Yes, it does. It sucks from the management side, too. Let’s say your institution values teaching, and someone you know to be a far below-average teacher is coming up for tenure. You want to deny, since you’re reasonably sure you could hire someone much stronger. (Assume, for the sake of argument, that you’re reasonably sure you won’t lose the position altogether.)

How do you prove that the candidate isn’t up to snuff as a teacher? What can you use? (And yes, in this litigious climate you have to assume that any negative decision will be challenged.)

Peer evaluations don’t work, since they’re subject to all manner of bias. In colleges with ‘consensus’ cultures, the unwritten rule is that no professor ever speaks ill of another to a dean. So the Lake Woebegone effect kicks in, and everybody is far above average, rendering the evaluations worthless. In a conflictual culture, the evaluation will reflect the political fault lines of the department – more interesting to read, but still useless as signs of actual teaching performance.

Evaluations by chairs are subject to both personal whims and political calculations, so their worth is frequently suspect, as well.

Student evaluations are less likely to reflect internal departmental politics, but they have a somewhat justified reputation for being manipulable. More disturbingly, I’ve read that student evaluations correlate with both the physical attractiveness of the teacher (particularly for male teachers, oddly enough), and the extent to which the teacher plays out the assigned gender role (men are supposed to be authoritative, women are supposed to be nurturing – when they switch, students punish them in the evaluations).

Other than evaluations, what should count? Outcomes are tricky, since they’re usually graded by the professor being evaluated. (My previous school used to fire faculty who failed ‘too many’ students. You can imagine what happened to the grading standards.) Outcomes also commonly tell you more about student ability and interest going into the course than about what went on during it.

Attendance isn’t a bad indicator, but it’s hard to get right. If the students hate the class so much that they simply stop showing up, something is probably wrong. But good luck getting that information in a regular, reliable way. And it, too, often reflects time slot and local culture.

Bad measures aren’t unique to academia. On those rare occasions when I actually get to watch football, I always get a kick out of the moments when they aren’t sure if the runner made quite enough yards (meters) for a first down. The referees put the ball on the ground where they think it should be, then march two poles onto the field, each supporting one end of a ten-yard chain. They plunk the first pole down by sort of eyeballing it, then pull the chain taut and use the location of the ball relative to the second pole to see if the runner made it. I’ve seen decisions hinge on inches (centimeters).

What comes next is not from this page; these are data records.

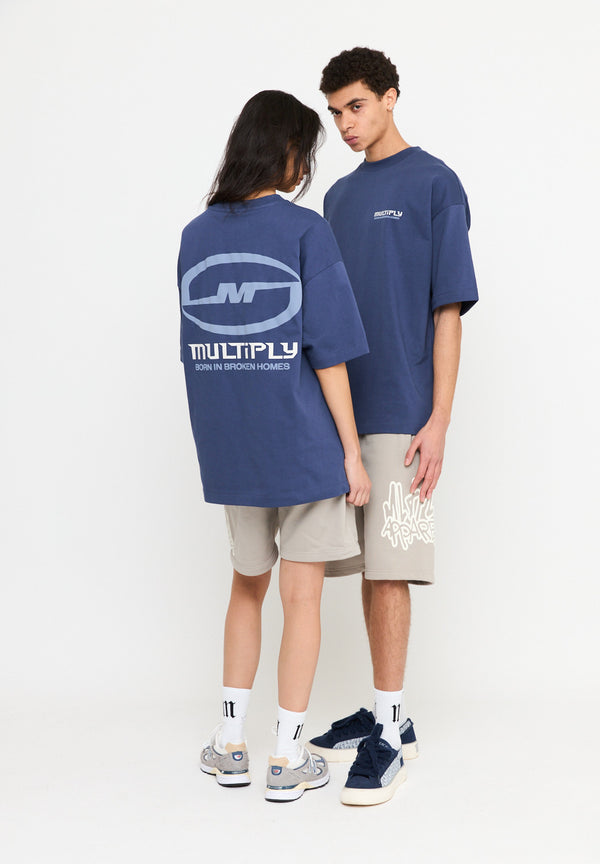 Multiply Spparel Oversize T-Shirt BROKEN IDENTITY Night Shadow Blitzangebot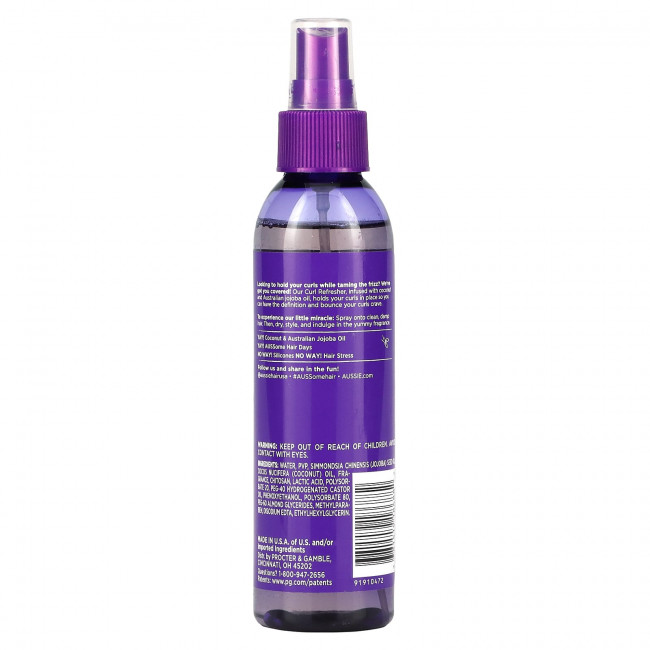 Aussie, Miracle Curls, средство для восстановления локонов, 170 мл (5,7 жидк. Унции) Aussie, Miracle Curls, средство для восстановления локонов, 170 мл (5,7 жидк. Унции)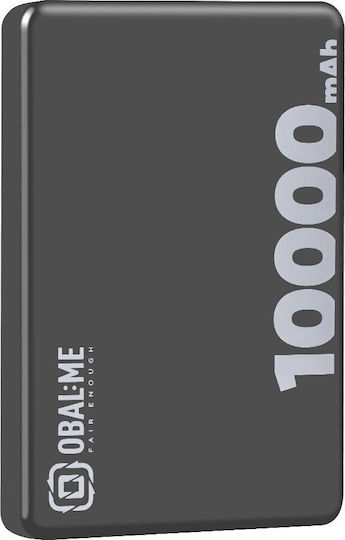 Obal:Me MagNetix MagSafe Power Bank 10000mAh 15W με Θύρα USB-C Power Delivery Μαύρο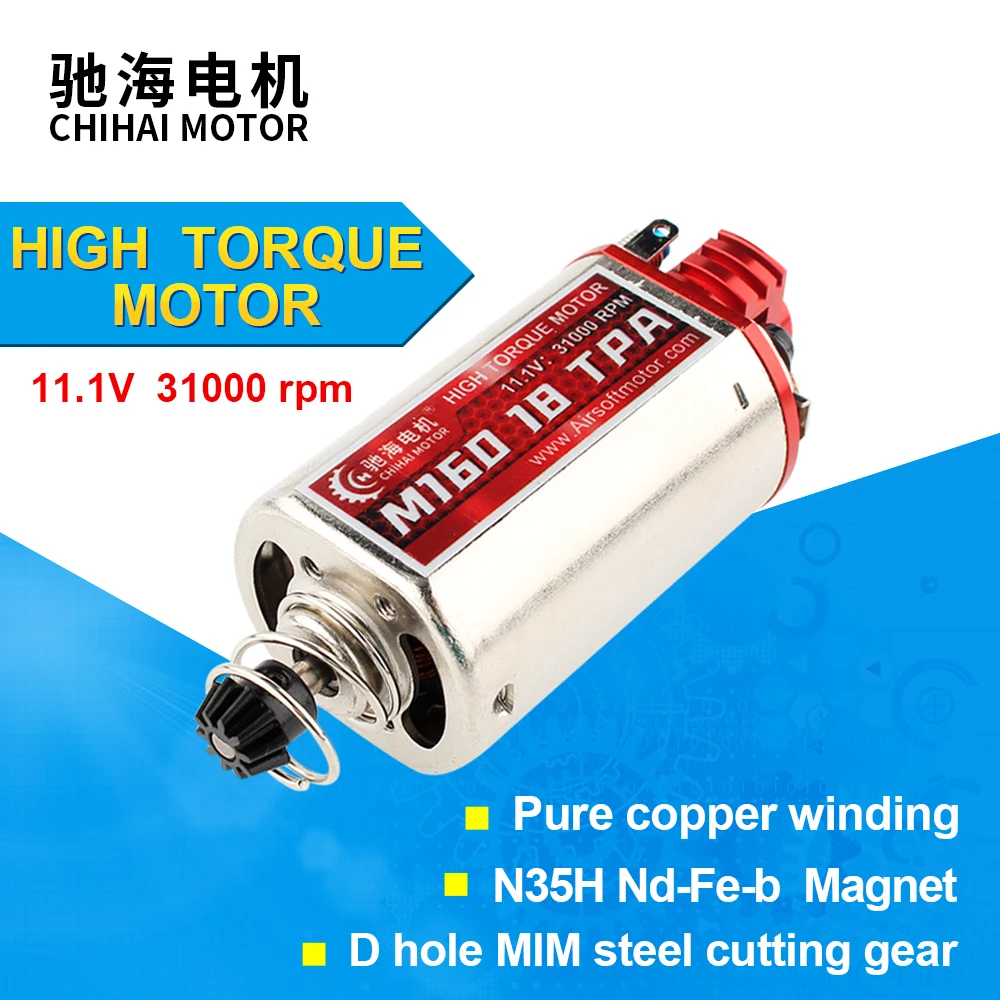 Coppia Elevata Tipo Corto 31K Aeg Motore 18Tpa T238 Titan Fire Control M160 Mosfet Motore Per Ver.3 Gearbox Gel Blaster Gun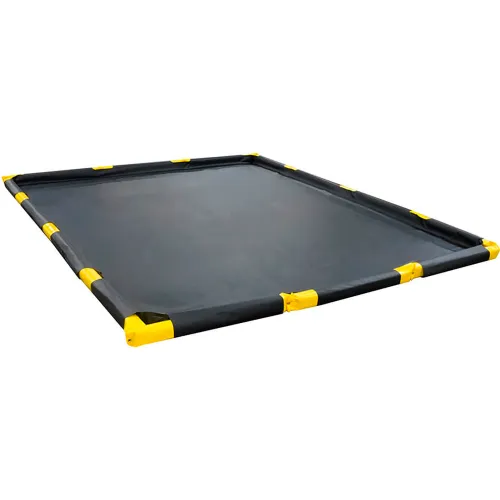 Black Diamond Stinger Spillpal Foam Wall Spill Containment Berm, 30'L x 12'W x 4"H, Black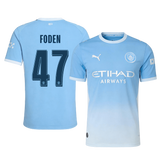 Manchester City FODEN #47 Domov Fotbalový dres 2026/27 - verze pro hráče - UCL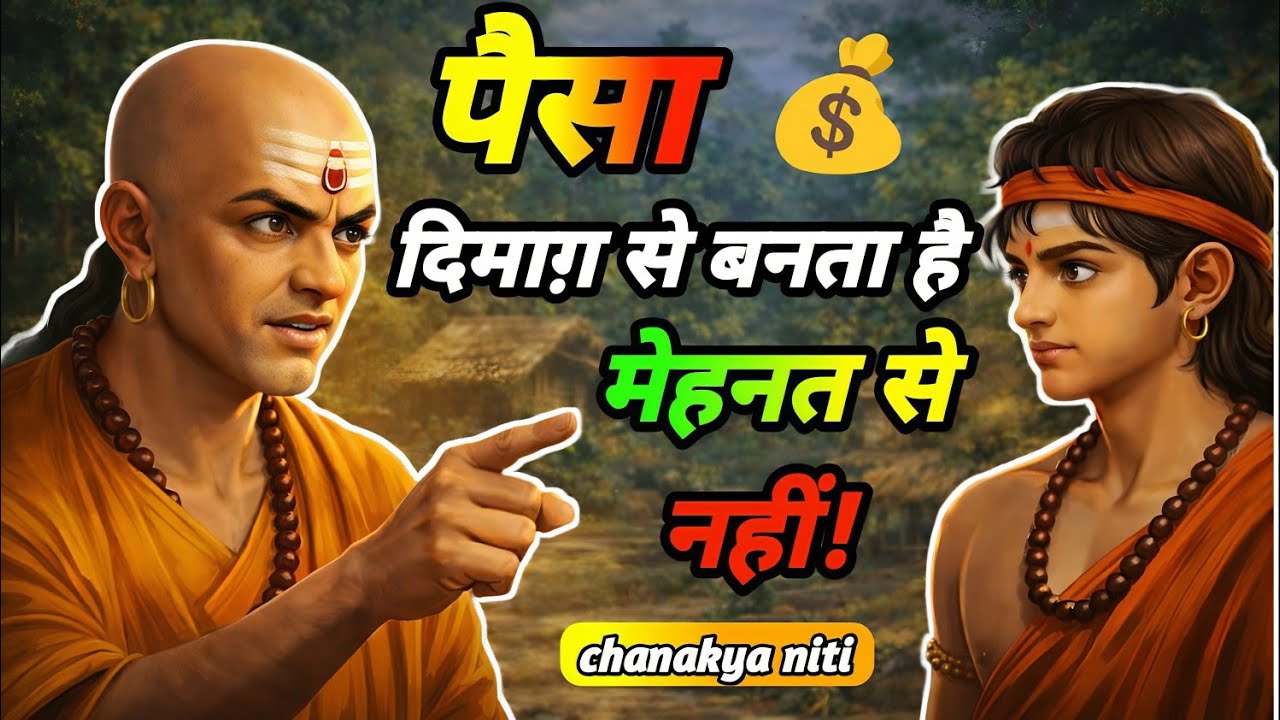 पैसा दिमाग से बनता है, मेहनत से नहीं | Chanakya Niti for Real Success🔥🔥💯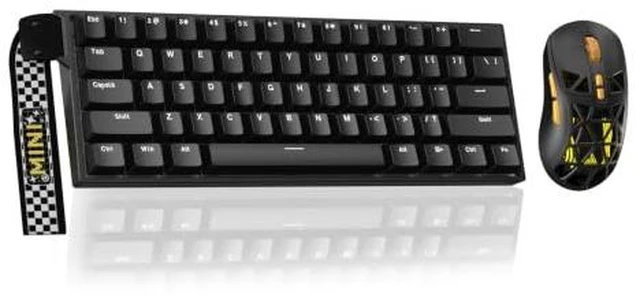 Main image of Aula MINI60 HE Wireless Gaming Keyboard+SOLAKAKA SM802 Wireless Gaming Mouse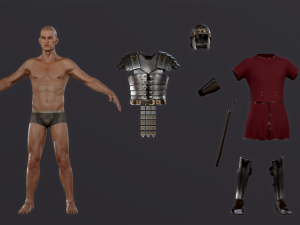 Roman soldier3 3Dモデル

The false precision always makes me chuckle. If they can just eyeball the location of the first pole, then exactly how precise can the second pole really be? It’s just the initial eyeballed spot, plus ten yards.

Measuring the quality of teaching, sadly enough, is sort of like that. We use ungainly and even weird measures because we need to use SOMETHING, and nobody has yet come up with a better, practicable idea. Bad teachers rarely confess, so we need evidence. It’s fine to condemn the evidence we use – I certainly think my friend’s school is going way, way overboard – but I don’t foresee any change until we have an alternative.

Question for the blogosphere: how SHOULD we measure teaching quality? Put differently, what evidence would be fair game to use to get rid of a weak, but not criminal, teacher? If there’s a better, less intrusive way to do this that still gets rid of the weak performers, I’m all for it. Any ideas?